The director in the Department of Elderly Care Services in the Ministry of Social Development, Rets’elisitsoe Tsuinyane, noted that the bill was drafted after the ministry realised that efforts taken to raise awareness against abuse of older persons and violation of their rights were futile as there was no law to hold perpetrators accountable.
She said in Lesotho there is no law that protects the elderly but only policies which are not binding to ensure that perpetrators are taken to court for mistreatment and abuse of the elderly.
“We have realised that raising awareness on the elderly’s protection without a binding law is useless.
“Since we started awareness campaigns on abuse of elderly people, not much was achieved because of lack of laws to protect them.
“The reasons we drafted the Bill include, among others, sexual and physical abuse of older people and discrimination and violations of their human rights.
“We see on a daily basis abuse and killings done to older people and we hope with this Bill the situation will change,” she said.
The Bill notes that without prejudice to their human rights, older persons shall have the right to autonomy and independence, including the right to decide their place of residence and with whom they will live.
It will also grant them the right to make decisions regarding their wellbeing without undue interference from any person or entity, to appoint a person of their choice to carry out their wishes and instructions and have the right to legal and social assistance in case of incapacity, in order to make decisions that are in their best interests and wellbeing.

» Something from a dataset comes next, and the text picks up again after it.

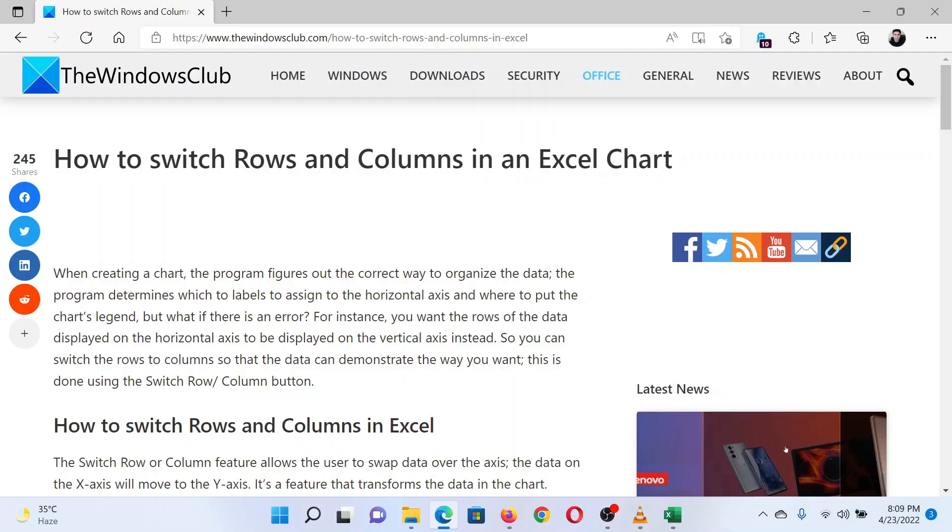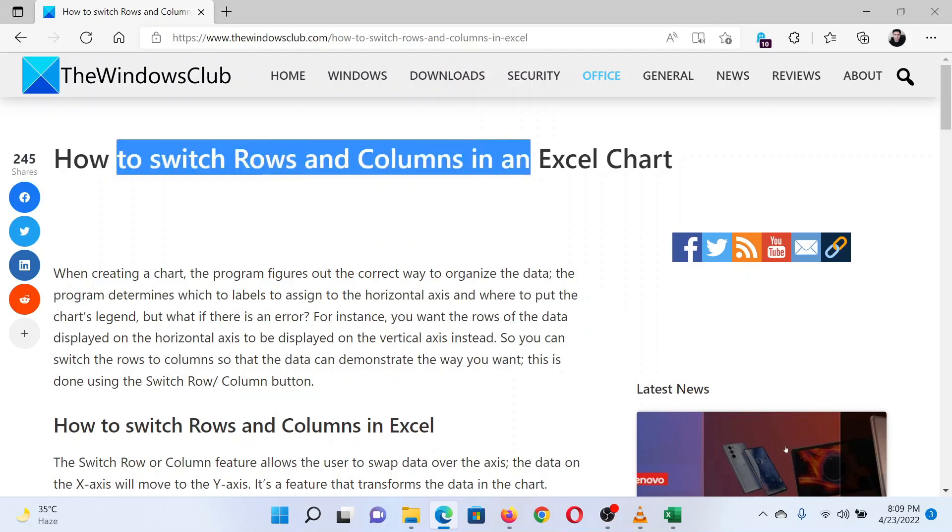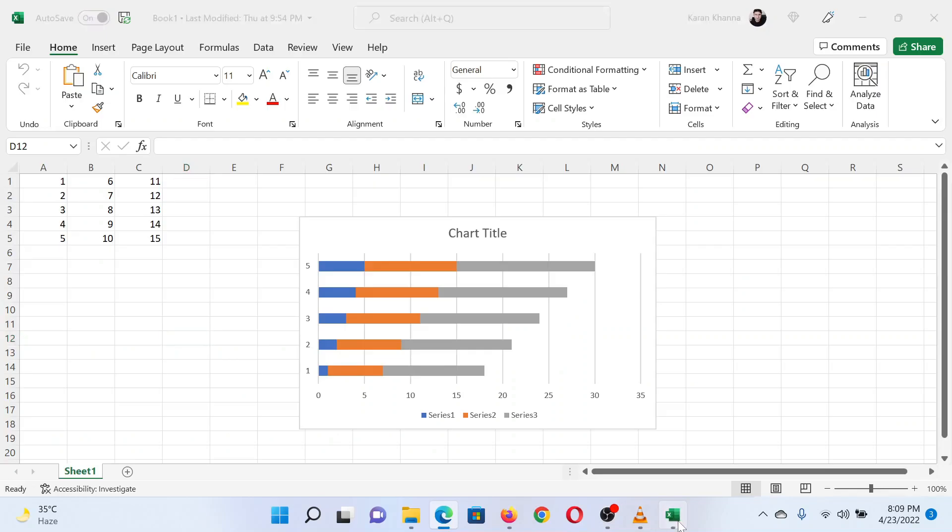This is Matthew from the Windows Club. If you wish to switch rows and columns in an Excel chart, either read through this article on the website or simply watch this video. I will guide you through the procedure.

The Act will also provide for older person’s full and effective participation in public, political, cultural, economic and development activities and decision-making at household, community and national levels.
According to the Bill, older persons will have the right to political or public life, including standing for elections and voting.
“Older persons shall have the right to freedom of expression and opinions, knowledge and experience, freedom of association and assembly including to form groups and associations for political, income generating, cultural and religious ends for the protection of their interests and participate in all areas of their interest.
“Older persons shall have full rights to deal with property including to own, use, occupy, transfer, sell, inherit and distribute land and other properties.
“They will again have the right to protection from arbitrary or unlawful seizure of their property, will have access to effective remedies to provide redress for arbitrary or unlawful deprivation of property and have protection from traditional widowhood practices which deprive women of property and inheritance rights.
“They will further have the right to justice including to be afforded a hearing within a reasonable time, with special measures in situations of immediacy and will be provided with legal services including legal assistance and legal aid on equal bases as others.
“They will be afforded freedom from all forms of violence, torture and abuse,” reads the bill.
Police Public Relations Officer Superintendent Mpiti Mopeli said they do receive cases of abused and murdered elders even though he does not have the exact number of cases reported this year.
He, however, noted current laws in the country do not exclude elders so he is of the view that they are protected.
Mopeli said any person that abuse or murder an elderly person is arrested and charged by courts of Law.